Oaza
Historia dzieje się w przyszłości, oczywiście. Przez pustą krainę podążają trzy osoby.
"Jechali na wielbłądach. Pył spod kopyt unosił się obłoczkami aż do kościstych kolan zwierząt. Mężczyzna, kobieta dziecko, owinięci w płachty, przytrzymywane sznurami krzyżującymi się na plecach. Tkaniny utraciły dawno barwy na deszczu, a wiatr postrzępił ich brzegi".
"Zdążali ku morzu, mieli bowiem jeszcze nadzieję i ono wydawało się ludziom celem i wybawieniem, jak zawsze. Ziemia świeciła srebrzyście, jechali jak we mgle, w błyszczącej mące.
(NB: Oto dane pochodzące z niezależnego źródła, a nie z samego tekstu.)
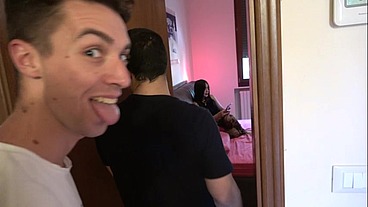 Threesome con la Brenda Pecados Trans latina viene sottomessa da due giovani italiani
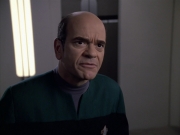 Filename=extant_StarTrek_VOY_6x24-LifeLine_00665.jpg
Filesize=125KiB
Dimensions=1200x900
Date added=Jan 03, 2020 extant_StarTrek_VOY_6x24-LifeLine_00665.jpg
Nieba nie było widać".
"Chcieli dotrzeć do doliny, zsiąść wreszcie z wielbłądów i przytuliwszy się do ich ciepłych brzuchów, przespać choć kilka godzin".
Udało się wreszcie dotrzeć do doliny i ułożyć się do snu. Czyżby na świecie nie było w ogóle ludzie?
"Śpiąca rodzina nie zauważyła, że spod bud i daszków zaczęły wypełzać jakieś postacie. Na wpół pełznąc na kolanach i podpierając się łokciami, posuwały się w stronę leżących".
Czego chcą ci ludzie? Może tylko zobaczyć zdrowych i normalnych ludzi i tylko ich dotknąć. A co będzie, jeżeli palce dotkną sto razy, kilkaset razy? Co stanie się ze skórą?
Czy się uratują? I czy dotrą do morza? Czy ono jest i jakie jest?